◆ SOURCE MATERIAL
○ ○ ○ ○ ○
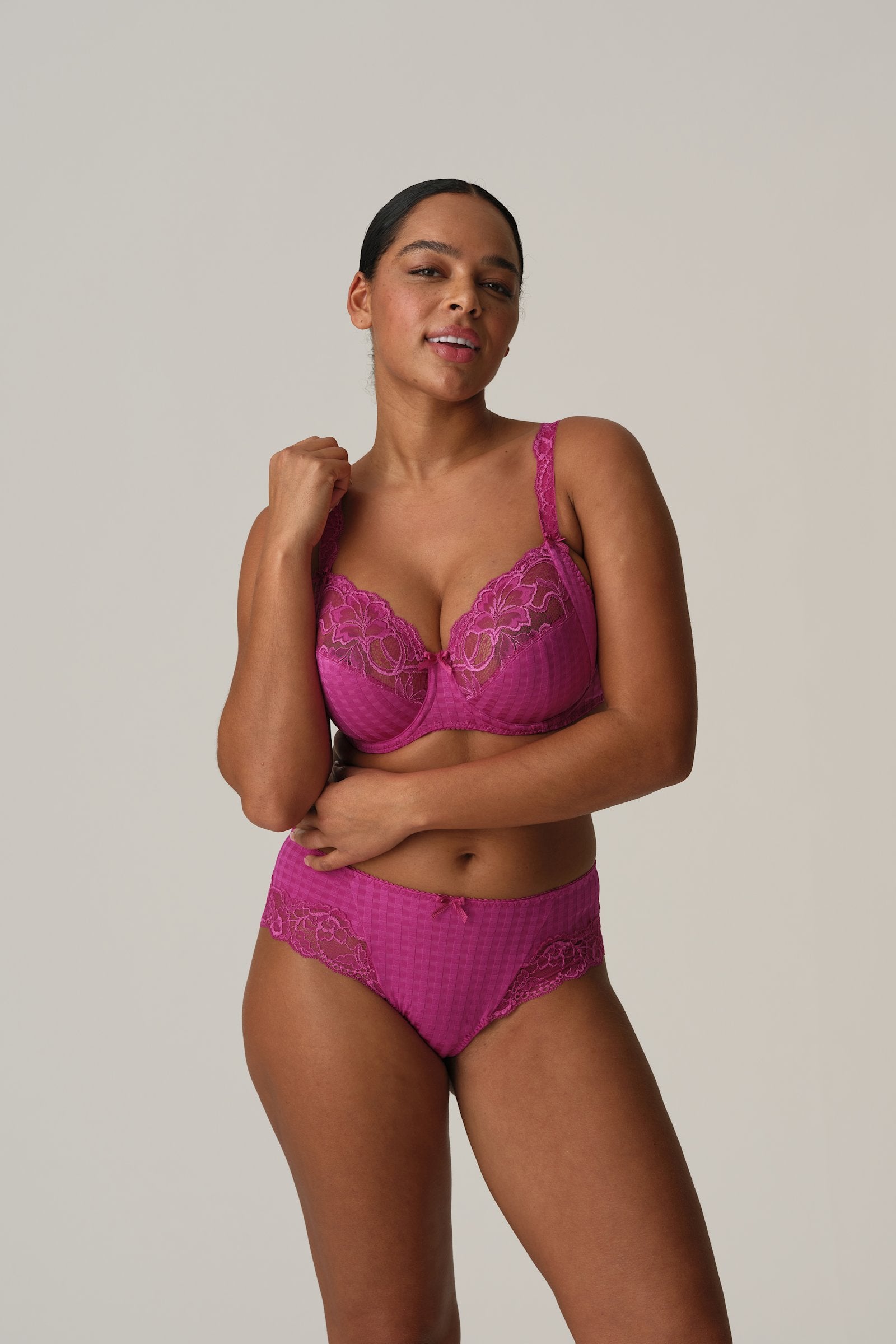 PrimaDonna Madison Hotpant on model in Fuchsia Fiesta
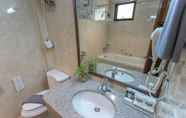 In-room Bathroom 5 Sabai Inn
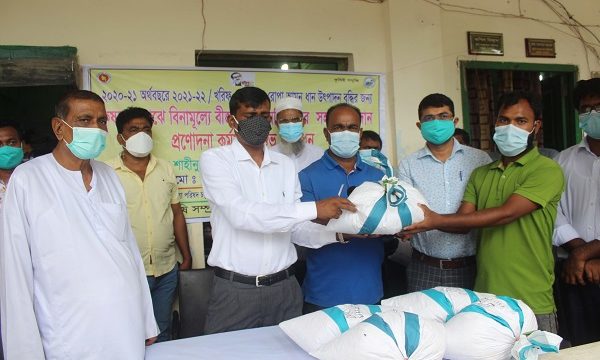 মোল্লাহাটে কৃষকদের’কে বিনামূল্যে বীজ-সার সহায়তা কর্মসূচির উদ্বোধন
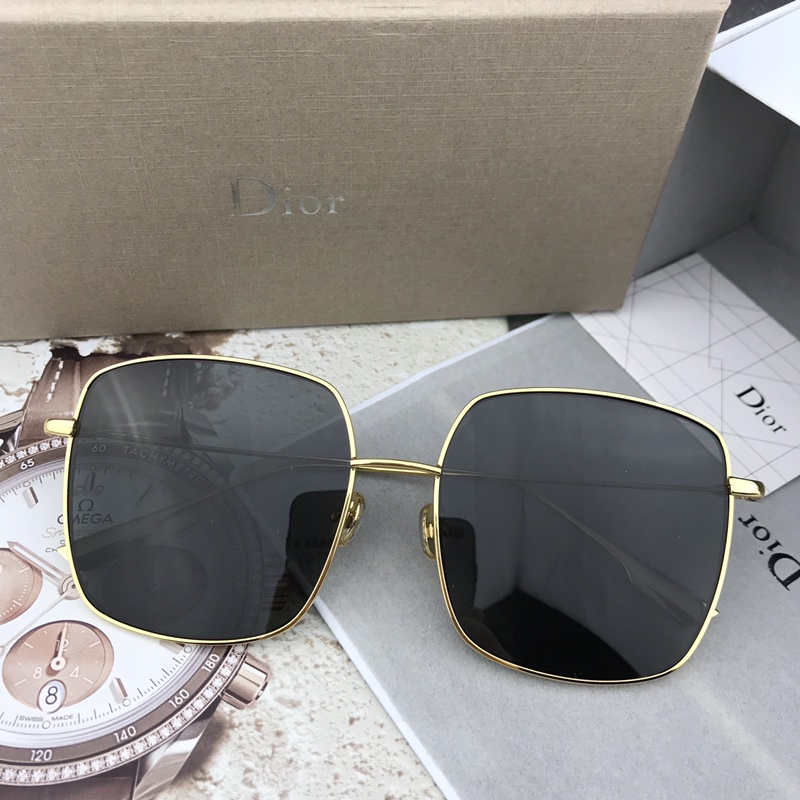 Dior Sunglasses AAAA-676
○ ○ ○ ○ ○
Without any pictures, write out the lines running from the one containing "মোল্লাহাটে কৃষকদের’কে বিনামূল্যে" through the end of the listing above, both included, exactly as given.

◆ ANSWER TO THIS PROBLEM
 মোল্লাহাটে কৃষকদের’কে বিনামূল্যে বীজ-সার সহায়তা কর্মসূচির উদ্বোধন
 Dior Sunglasses AAAA-676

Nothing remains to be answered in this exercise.